1. What is a Vector?

A vector carries two ideas at once. Geometrically, a vector is an arrow with a definite magnitude (length) and direction; its starting point does not matter, so “three steps east and four steps north” is the same vector wherever you begin. Algebraically, the same object is an ordered tuple of numbers — (3, 4) in 2D, (1, −2, 5) in 3D — where each entry is a coordinate along a chosen axis.

These views are two sides of one idea. The arrow form gives intuition; the tuple form gives computability. The leap from “arrows in space” to “elements of ℝⁿ” is what lets the same vocabulary describe a 2D screen position, a 3D physics force, and a 768-dimensional word embedding inside a language model.

A small distinction matters in linear algebra. A row vector writes its entries horizontally, [3, 4]; a column vector stacks them vertically. Both contain identical numbers yet behave differently under matrix multiplication: a column vector multiplies on the right of a matrix (Ax), a row vector on the left (x^TA). Most modern textbooks and most software default to column vectors, and we follow that convention.

벡터는 "크기와 방향을 가진 화살표"이자 "순서 있는 수의 묶음"이라는 두 얼굴을 동시에 갖습니다. 같은 객체를 기하적으로 보면 직관을, 대수적으로 보면 계산력을 얻으며, 이 둘의 연결이 2D 좌표·3D 힘·고차원 임베딩을 같은 언어로 다루게 해 줍니다.

2. Notation & Special Vectors

Mathematical writing represents vectors in interchangeable ways: textbooks use boldface (v, a, b), handwritten work uses an arrow on top (v⃗, a⃗, b⃗), and physics mixes the two. Entries take subscripts: v = (v₁, …, v_n). Be consistent inside a document — silently switching styles is a frequent source of confusion.

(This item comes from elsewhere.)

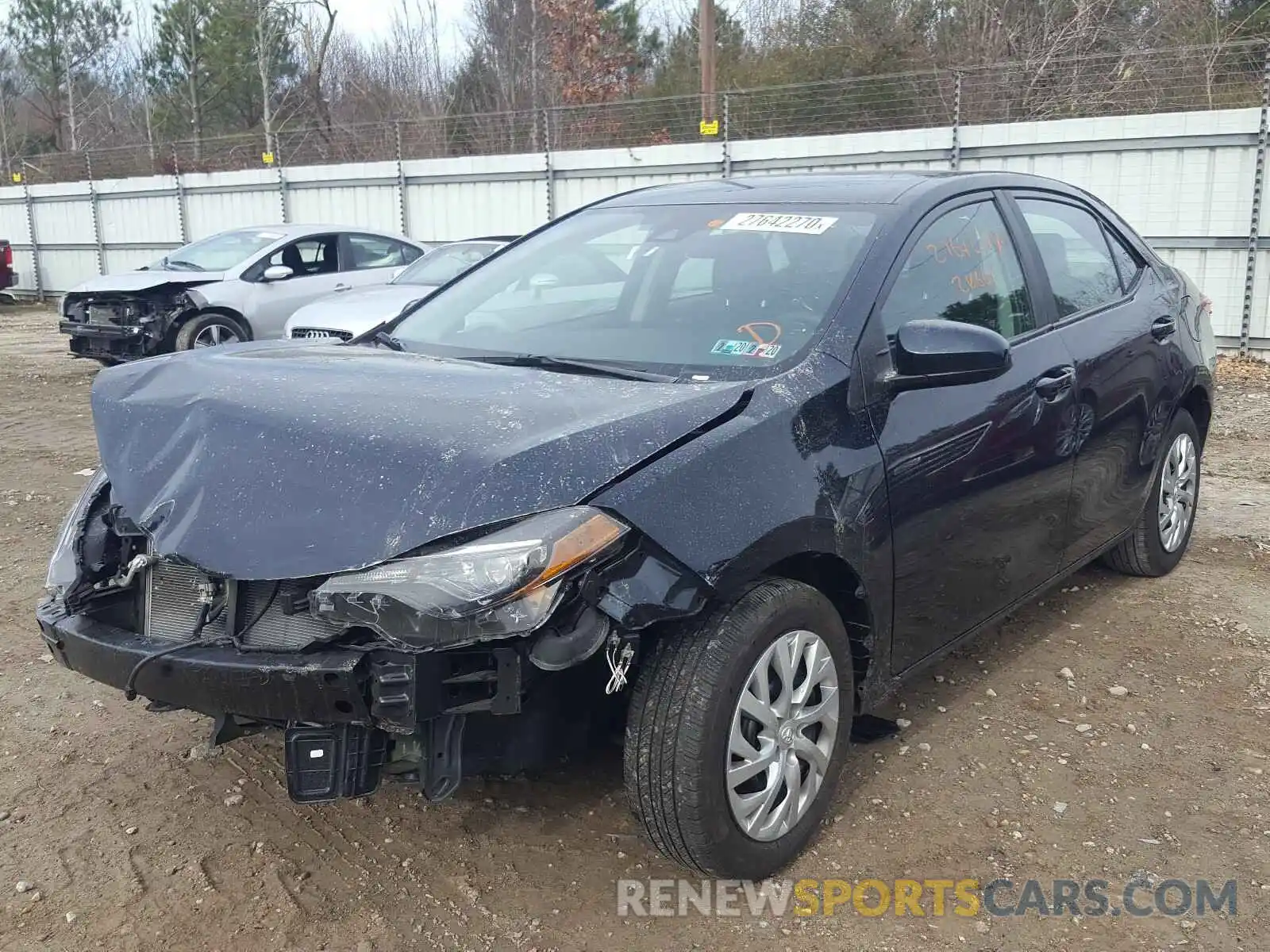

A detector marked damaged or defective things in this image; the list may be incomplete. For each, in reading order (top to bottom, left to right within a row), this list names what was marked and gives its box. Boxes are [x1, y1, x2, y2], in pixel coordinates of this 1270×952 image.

Several special vectors appear everywhere. The zero vector 0 has every entry equal to 0; it is the additive identity (v + 0 = v) and the only vector whose direction is undefined. A unit vector has magnitude 1; the hat v̂ signals “normalized.” The standard basis vectors in ℝ³ are e₁ = (1, 0, 0), e₂ = (0, 1, 0), e₃ = (0, 0, 1), also written î, ĵ, k̂; every v ∈ ℝ³ decomposes uniquely as v = v₁e₁ + v₂e₂ + v₃e₃, which is exactly why coordinates work the way they do.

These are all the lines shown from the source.